Mayor Bill de Blasio said that “all signs point to simply a horrible, terrible accident,” but added that an investigation to determine the cause would be conducted.
Nigro said firefighters did not hear smoke-detector alarms as they worked their way through the smoke. Hours later, at a briefing with Nigro and the mayor, the interim chairwoman of the housing authority said the apartment had a smoke and carbon monoxide alarm. It was installed in June 2017 and tested in January, the chairwoman, Kathryn Garcia, said.
Nigro said the layout of the apartment worked against getting out. The kitchen was the room closest to the front door.
“They were unable to get to either the door of that apartment or the windows that were on the fire escape,” he said.
Some neighbors in the building knew the family in Apartment 5G well.
Patricia Flowers, who lives down the hall, said that she often heard the children playing in the hallway and that there was another familiar sound: the family’s small, energetic dog.
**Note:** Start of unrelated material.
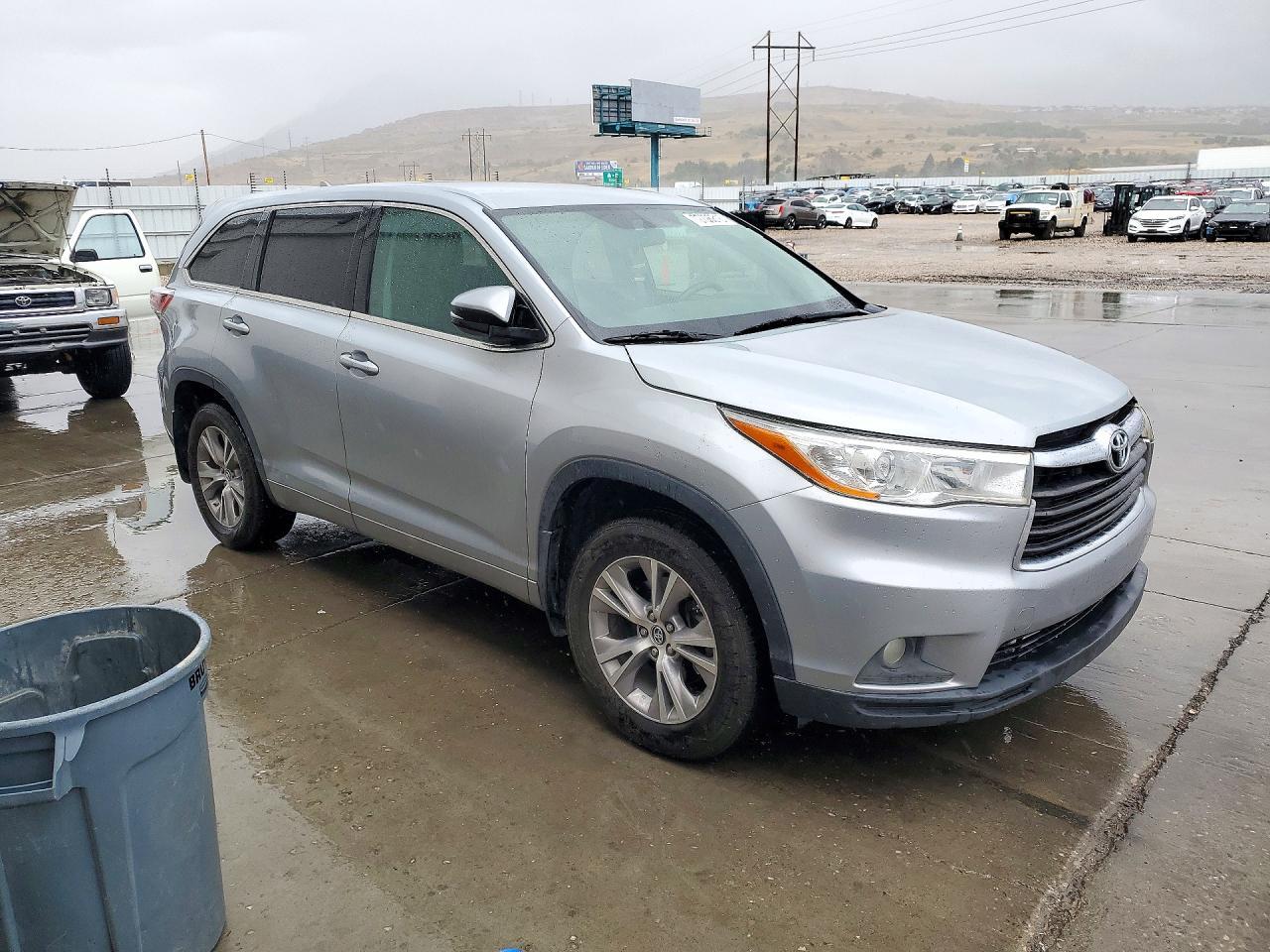 2016 Toyota Highlander Le Plus - Фото 4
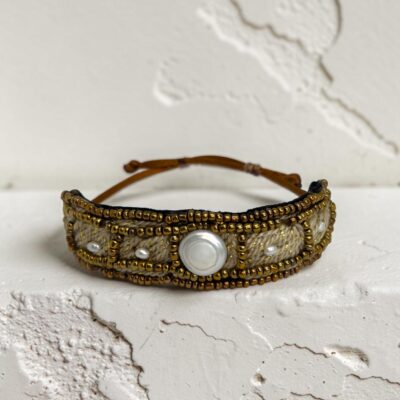 pulsera dorada con perlas de río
Flowers remembered having seen the children pushing their bicycles into the elevator Tuesday afternoon, heading outside to enjoy the sunny weather after days of rain.
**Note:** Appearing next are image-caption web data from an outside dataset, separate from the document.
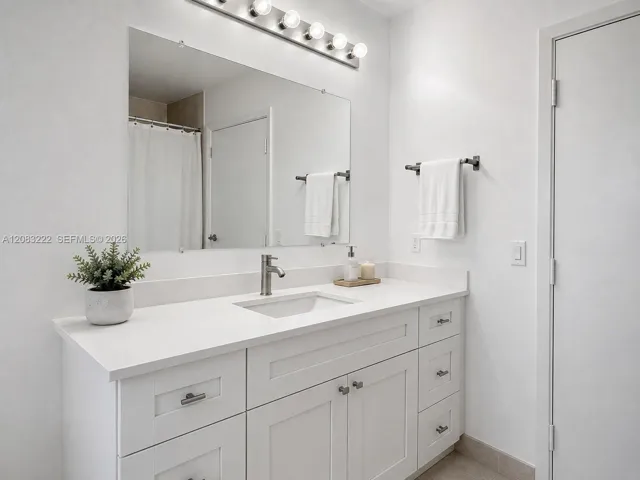 Second Bedroom's Private Bathroom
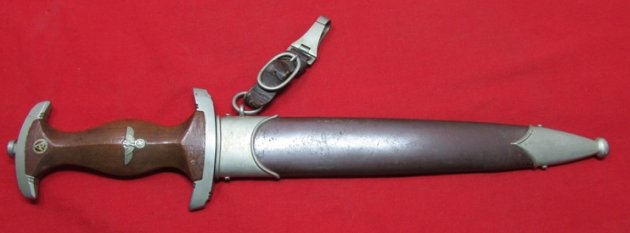  German WWII Early M1933 SA Enlisted Dagger, Eickhorn, Small Logo — image 3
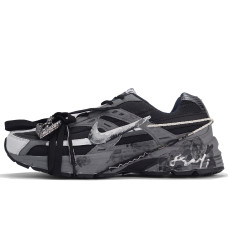 Nike Initiator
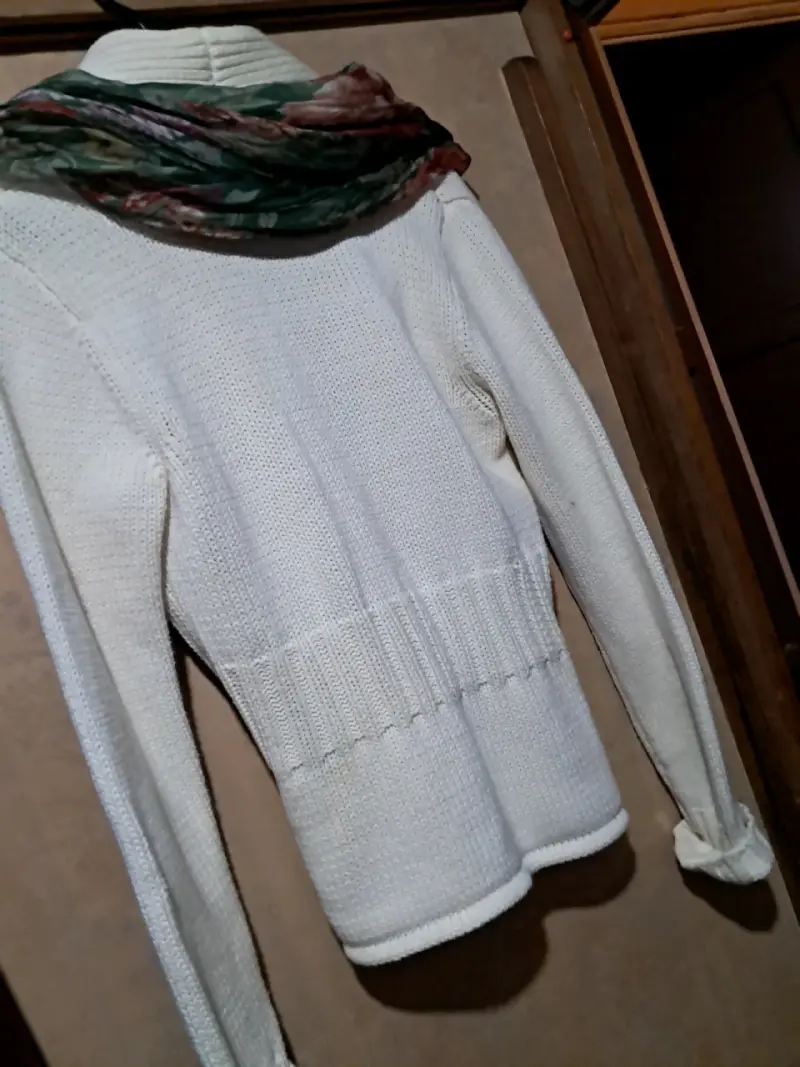 Cárdigan blanco con bufanda floral - 4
Jolted awake by someone shouting in the middle of the night, Flowers heard the sound of the fire in Apartment 5G.
“I could hear the crackling sounds in their apartment, like everything was burning,” she said.
Records from the Department of Buildings indicated that the building had not been cited for violations for smoke detectors or fire escapes. It has four open violations for failing to conduct safety inspections of the elevator going back to 2016.
The names of the victims had not been released. Three other people suffered minor injuries from smoke inhalation when the building was being evacuated.
Jesse Scott, who lives across the street, watched as the fifth and sixth floors of the building appeared to explode.
“Suddenly, there was a big fireball,” he said. “It just blasted out. Everything came out. All the windows came out.”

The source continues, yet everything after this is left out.